■ **EXERCISE GOAL**
Check every line of the records below for the string "Toyota" and copy the ones that have it.

■ **PROVIDED MATERIAL**
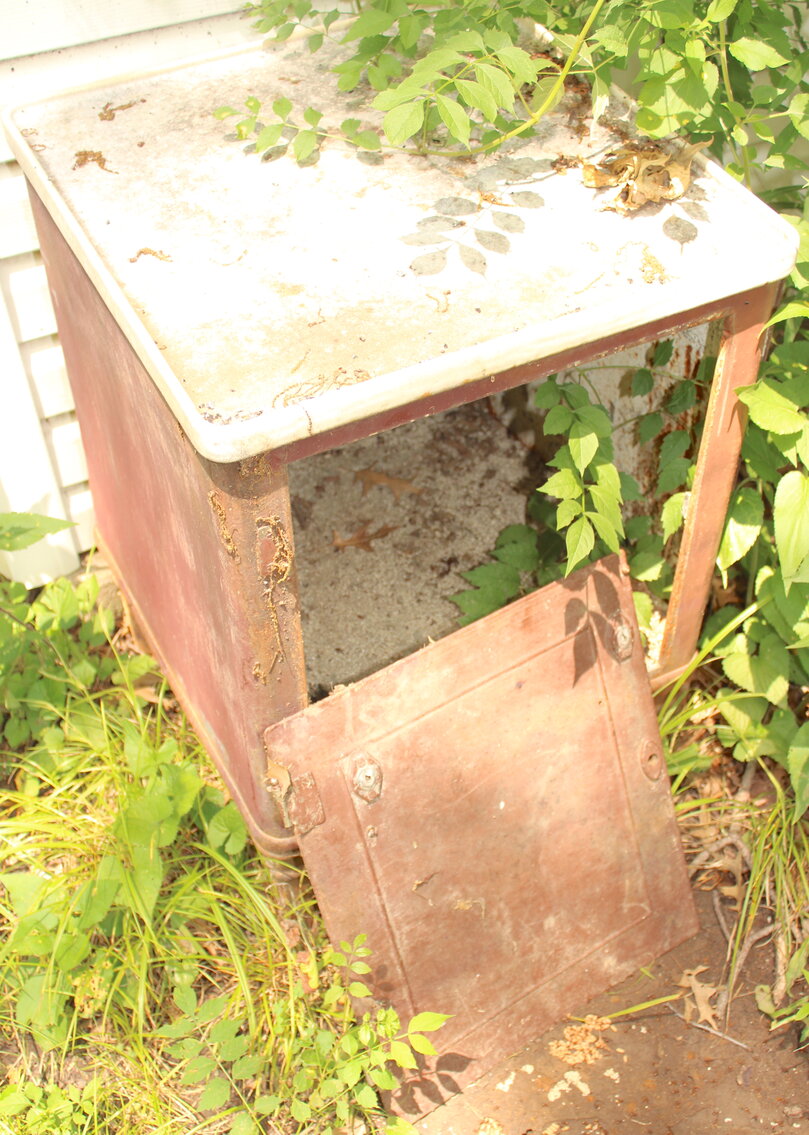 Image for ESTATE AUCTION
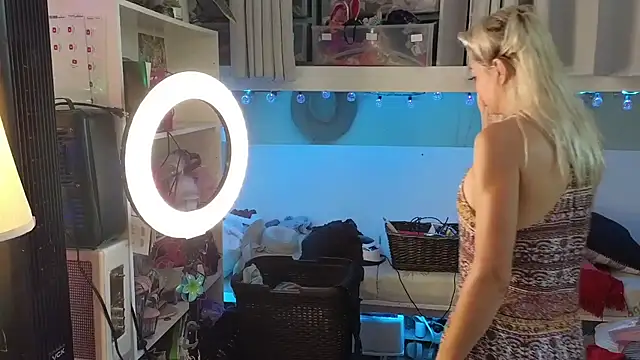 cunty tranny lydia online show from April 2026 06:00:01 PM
--
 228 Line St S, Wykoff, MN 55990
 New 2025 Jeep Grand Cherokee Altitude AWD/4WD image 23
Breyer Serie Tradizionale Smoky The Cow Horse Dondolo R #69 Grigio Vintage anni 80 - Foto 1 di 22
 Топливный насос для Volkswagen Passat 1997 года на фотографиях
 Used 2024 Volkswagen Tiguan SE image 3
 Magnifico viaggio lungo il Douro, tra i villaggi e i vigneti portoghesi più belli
...
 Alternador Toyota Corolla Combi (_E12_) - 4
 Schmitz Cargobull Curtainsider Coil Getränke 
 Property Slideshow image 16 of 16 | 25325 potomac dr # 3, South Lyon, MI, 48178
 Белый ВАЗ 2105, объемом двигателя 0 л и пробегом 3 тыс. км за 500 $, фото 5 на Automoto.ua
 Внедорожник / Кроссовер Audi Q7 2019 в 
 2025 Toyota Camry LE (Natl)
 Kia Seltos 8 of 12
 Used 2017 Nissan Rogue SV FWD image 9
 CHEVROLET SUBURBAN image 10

■ **RESULT OF THIS TASK**
 Alternador Toyota Corolla Combi (_E12_) - 4
 2025 Toyota Camry LE (Natl)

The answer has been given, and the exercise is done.